Na verdade, essa página da história da infâmia nacional foi rascunhada muito antes, nos idos dos anos 80, com o capitão Jair Bolsonaro planejando plantar bombas em quartéis. A facilidade com que os vândalos fatiaram as barreiras policiais no 8 de janeiro espelha a complacência em meio à qual o deputado do baixo clero Bolsonaro excretou seu destempero no Congresso por anos a fio. Mas seus vitupérios folclóricos – o delírio de fuzilar FHC e mais “uns 30 mil”, a blague abjeta aludindo ao estupro de uma colega ou a apologia a um torturador na tribuna da Câmara – são só as secreções mais repugnantes de um espírito profundamente autoritário e truculento que se imiscuiu sem resistência nas cavidades da República.

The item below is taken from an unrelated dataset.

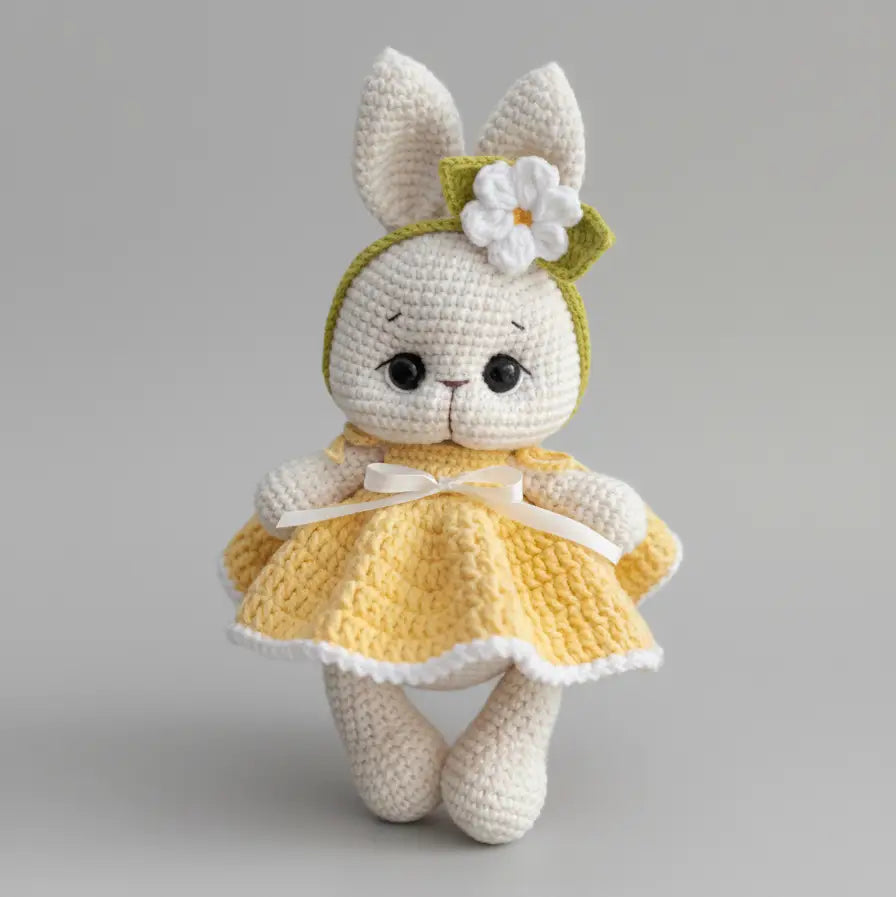 Handmade Crochet Bunny Toy in Yellow Dress with Daisy Headband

Bolsonaro só opera no confronto. A animosidade é o ar que respira. Na sua falta, ele a incita, transformando adversários em inimigos e conjurando conspirações fantasmagóricas. Mas o maior inimigo de Bolsonaro não é o PT – de quem emulou as táticas populistas –, nem a “velha política” fisiológica – a quem prestou a mais vil vassalagem –, nem mesmo o STF – que tentou aparelhar com seus sabujos. Seu verdadeiro inimigo é a Constituição.
“Ao longo de sua carreira política”, já dissemos nesta página, “ele tem representado e verbalizado a voz dos perdedores de 1988, aqueles que se opuseram e continuam a se opor ao Estado Democrático de Direito” – às liberdades civis, às garantias individuais, aos direitos humanos, à soberania popular. “Daí que a sua batalha atual seja contra as eleições e as urnas. Tudo integra o mesmo pacote autoritário e antirrepublicano.”

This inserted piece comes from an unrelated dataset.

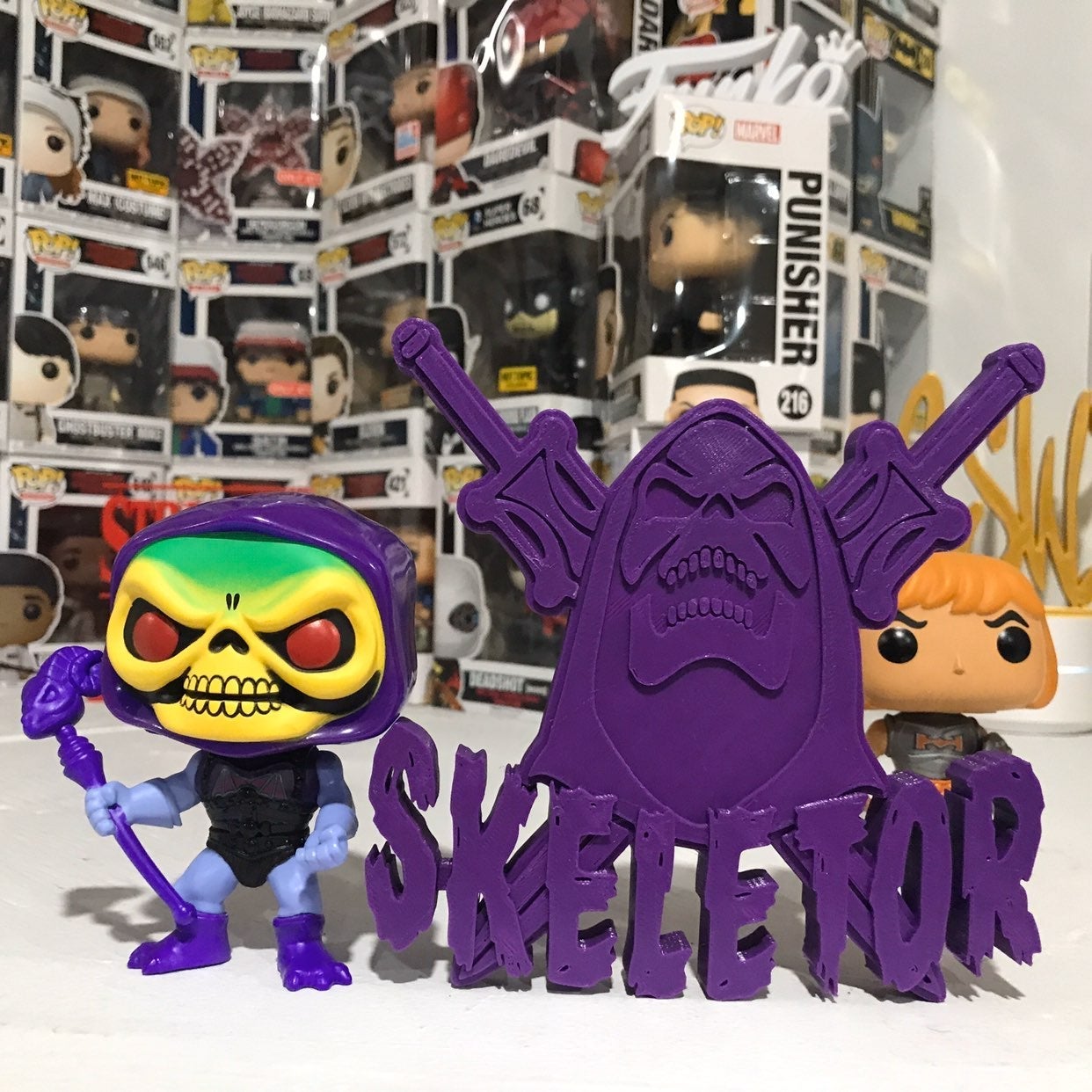 Skeletor Display Sign Stand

A farsa terrorista do capitão Bolsonaro nos anos 80 se repetiu como tragédia consumada pelas legiões bolsonaristas em 2023. Agora que os pobres diabos da tropa de choque “patriótica” estão presos às centenas e seu “mito”, rejeitado nas urnas, está acoelhado nos arrabaldes da Disneylândia lambendo suas feridas, é tentador supor que a tempestade se dissipou e que a história não se repetirá.

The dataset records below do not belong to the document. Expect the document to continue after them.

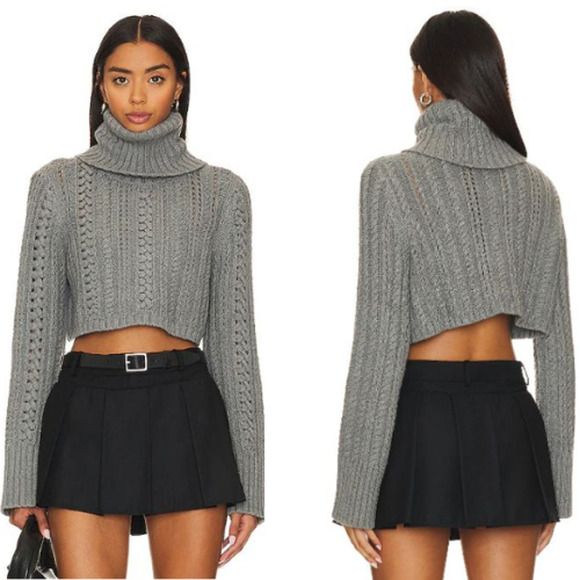 NWT Camila Coelho Daria Cable Knit Turtleneck Cropped Sweater Gray Women's XS - Picture 1 of 7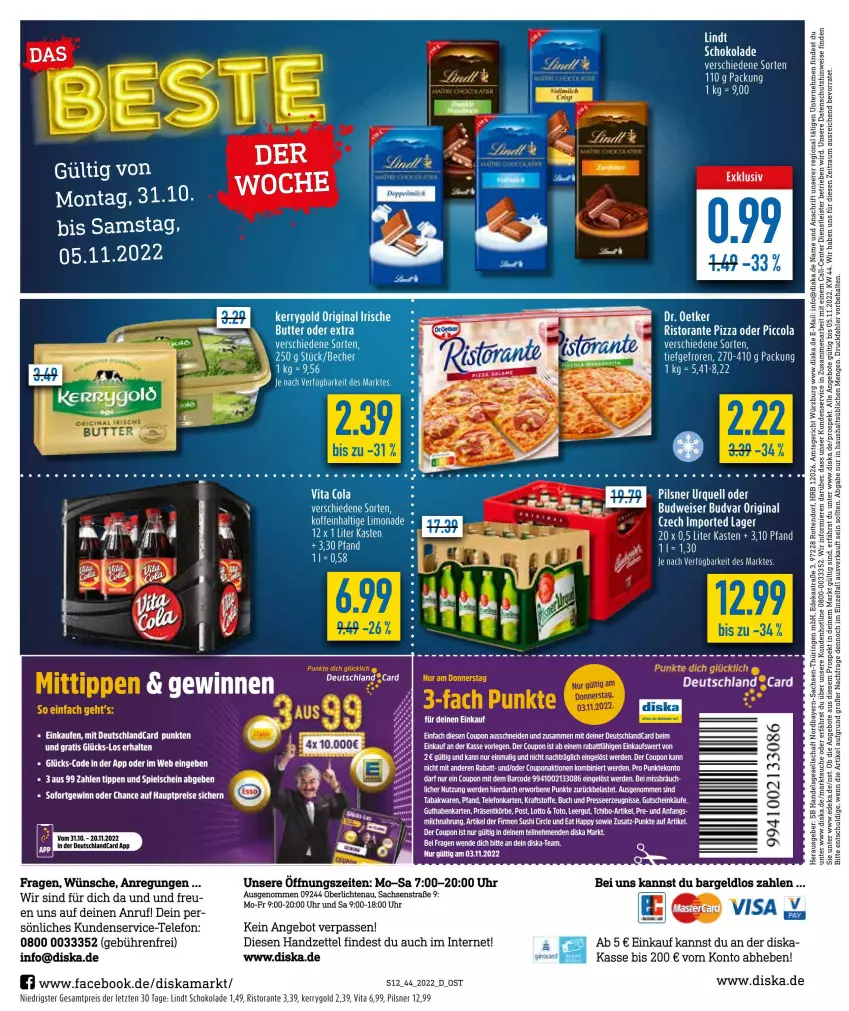 Aktueller Prospekt Diska - Prospekte - von 31.10 bis 05.11.2022 - strona 12 - produkty: angebot, angebote, buch, budweiser, cola, coupon, deka, deutschlandcard, eier, eis, ente, erde, gin, guthabenkarte, gutschein, kerrygold, kraft, limo, limonade, lindt, pils, pilsner, pilsner urquell, pizza, reis, ring, ristorante, ristorante pizza, sac, schoko, schokolade, Tchibo, tee, telefon, Ti, uhr, vita, ZTE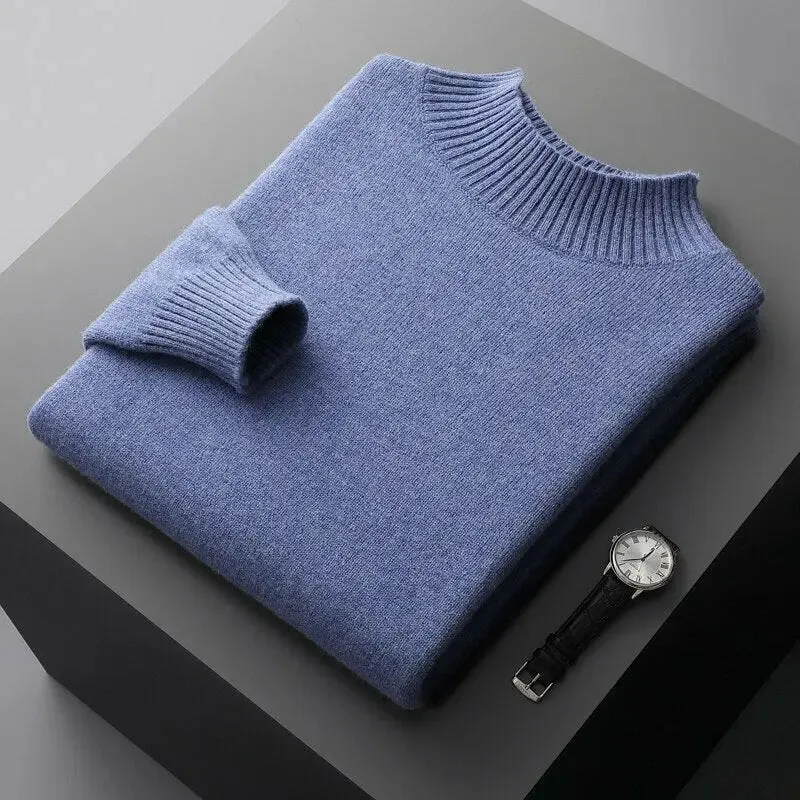 Men's Wool Cashmere Half Turtleneck Sweater for Ultimate Comfort and Style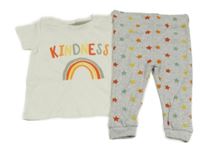 Nové - 2set - Bílé tričko s duhou + tepláky s hvězdami 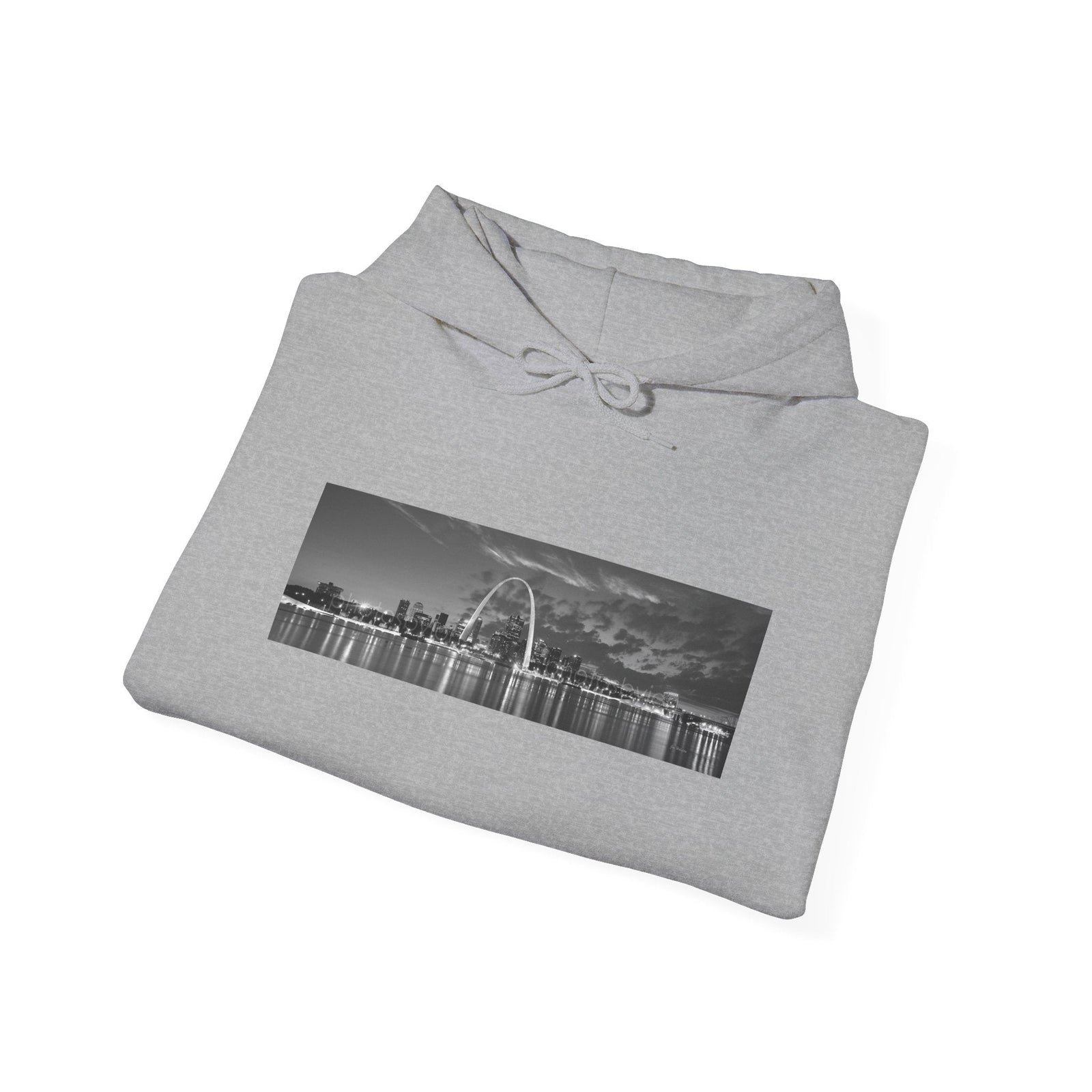 City Skyline Hoodie — Black & White Waterfront Panorama Pullover - 314 Originals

No entanto, menos de um mês após o 8 de janeiro, aqueles que ajudaram a disseminar o espírito liberticida nos últimos anos se congraçavam na inauguração da nova legislatura. Os mesmos que passaram quatro anos fazendo do golpismo um ativo eleitoral estão lá no Congresso, como se nada tivesse acontecido, como se a antidemocracia fizesse parte do jogo. Sob o manto da imunidade parlamentar, a bancada golpista esfrega as mãos para mais quatro anos de arruaça.
Com personagens tão caricatos quanto estridentes, é difícil encontrar o equilíbrio entre não subestimá-los e não superdimensioná-los, entre contemporizar o 8 de janeiro e insuflar o pânico. Sim, eles estão em baixa, com menos poder do que nunca desde 2018. Mas quase elegeram o presidente do Senado. Rogério Marinho nunca foi radical, é o típico oportunista do establishment. Mas exatamente essa miscigenação entre a face sistêmica da política e sua face extremista é um alerta ao risco de naturalização do golpismo. Como advertiu a sobrevivente do extremismo islâmico Ayaan Hirsi Ali, “tolerância com a intolerância é covardia”.
Os discursos inaugurais dos presidentes das Casas Legislativas e do Judiciário prometendo punição exemplar a todos que participaram, financiaram e estimularam os atentados são um sinal alentador de que a sabedoria popular foi assimilada: “Um povo que não aprende com a sua história está condenado a repeti-la”. É preciso sepultar o bolsonarismo, sem esquecê-lo. Sua trajetória, grotesca como é, deve servir como uma espécie de monumento às avessas a um outro dito da sabedoria popular: “O preço da liberdade é a eterna vigilância”.